> EXERCISE
Within the records below, reproduce without change the lines from the line that has "Broeken voor Volwassenen" through the line that has "Sticker | B1ad3", and only those.

> Short web captions

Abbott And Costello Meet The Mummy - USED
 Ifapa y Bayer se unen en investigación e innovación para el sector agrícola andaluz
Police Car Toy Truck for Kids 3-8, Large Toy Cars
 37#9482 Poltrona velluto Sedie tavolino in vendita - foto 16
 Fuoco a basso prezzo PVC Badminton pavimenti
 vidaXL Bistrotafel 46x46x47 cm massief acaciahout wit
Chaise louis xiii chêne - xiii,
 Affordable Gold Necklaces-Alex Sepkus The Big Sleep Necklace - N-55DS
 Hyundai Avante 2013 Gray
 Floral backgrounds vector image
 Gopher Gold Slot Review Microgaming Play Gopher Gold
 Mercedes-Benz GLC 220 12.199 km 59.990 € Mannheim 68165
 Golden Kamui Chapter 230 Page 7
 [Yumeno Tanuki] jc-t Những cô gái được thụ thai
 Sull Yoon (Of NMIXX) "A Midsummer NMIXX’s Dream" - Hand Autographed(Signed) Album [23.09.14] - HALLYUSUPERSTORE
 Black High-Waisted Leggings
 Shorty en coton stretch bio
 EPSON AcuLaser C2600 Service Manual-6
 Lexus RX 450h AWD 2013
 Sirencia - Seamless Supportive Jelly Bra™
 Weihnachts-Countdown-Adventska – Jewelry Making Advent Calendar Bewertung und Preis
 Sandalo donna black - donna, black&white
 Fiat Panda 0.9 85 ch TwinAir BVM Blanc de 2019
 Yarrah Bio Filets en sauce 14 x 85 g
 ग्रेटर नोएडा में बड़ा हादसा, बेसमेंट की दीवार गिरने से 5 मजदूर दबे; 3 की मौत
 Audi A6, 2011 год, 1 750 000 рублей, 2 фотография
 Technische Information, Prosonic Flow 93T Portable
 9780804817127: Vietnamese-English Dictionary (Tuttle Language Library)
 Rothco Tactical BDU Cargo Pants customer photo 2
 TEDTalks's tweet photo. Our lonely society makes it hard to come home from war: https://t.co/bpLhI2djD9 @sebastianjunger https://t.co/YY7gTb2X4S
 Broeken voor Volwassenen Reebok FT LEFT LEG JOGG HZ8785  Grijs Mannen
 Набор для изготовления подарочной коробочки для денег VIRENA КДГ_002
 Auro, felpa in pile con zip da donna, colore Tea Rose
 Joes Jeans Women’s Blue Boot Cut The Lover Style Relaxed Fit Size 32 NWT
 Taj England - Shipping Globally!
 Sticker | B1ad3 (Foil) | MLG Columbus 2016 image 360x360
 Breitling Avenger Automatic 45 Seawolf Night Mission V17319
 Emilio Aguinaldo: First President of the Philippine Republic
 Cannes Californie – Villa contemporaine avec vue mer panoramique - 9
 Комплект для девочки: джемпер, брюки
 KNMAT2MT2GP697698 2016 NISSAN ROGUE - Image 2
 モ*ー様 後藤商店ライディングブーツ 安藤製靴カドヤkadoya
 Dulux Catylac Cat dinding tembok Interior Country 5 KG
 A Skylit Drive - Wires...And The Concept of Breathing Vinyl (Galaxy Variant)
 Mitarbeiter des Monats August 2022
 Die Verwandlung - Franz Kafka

> RESPONSE TO THIS TASK
 Broeken voor Volwassenen Reebok FT LEFT LEG JOGG HZ8785  Grijs Mannen
 Набор для изготовления подарочной коробочки для денег VIRENA КДГ_002
 Auro, felpa in pile con zip da donna, colore Tea Rose
 Joes Jeans Women’s Blue Boot Cut The Lover Style Relaxed Fit Size 32 NWT
 Taj England - Shipping Globally!
 Sticker | B1ad3 (Foil) | MLG Columbus 2016 image 360x360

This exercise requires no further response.